■ **About this exercise**:
Once the line with "AMIGA MEMORY EXPANSION" is found in the data, output it and each following line exactly, up to and including the line with "Mẹ Việt Nam Anh hùng", and nothing before or after.

■ **Raw data**:
★ ★ ★ ★ ★

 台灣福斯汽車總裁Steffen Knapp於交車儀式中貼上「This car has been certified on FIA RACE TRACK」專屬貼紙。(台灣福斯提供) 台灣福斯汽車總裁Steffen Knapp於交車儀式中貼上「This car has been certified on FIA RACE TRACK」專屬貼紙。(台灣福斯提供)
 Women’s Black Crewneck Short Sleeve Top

★ ★ ★ ★ ★

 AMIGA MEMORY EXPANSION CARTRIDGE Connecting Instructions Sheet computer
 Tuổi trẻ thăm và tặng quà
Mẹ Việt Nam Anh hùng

★ ★ ★ ★ ★

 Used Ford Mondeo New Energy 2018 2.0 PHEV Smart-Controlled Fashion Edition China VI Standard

★ ★ ★ ★ ★

■ **Answer to the exercise**:
 AMIGA MEMORY EXPANSION CARTRIDGE Connecting Instructions Sheet computer
 Tuổi trẻ thăm và tặng quà
Mẹ Việt Nam Anh hùng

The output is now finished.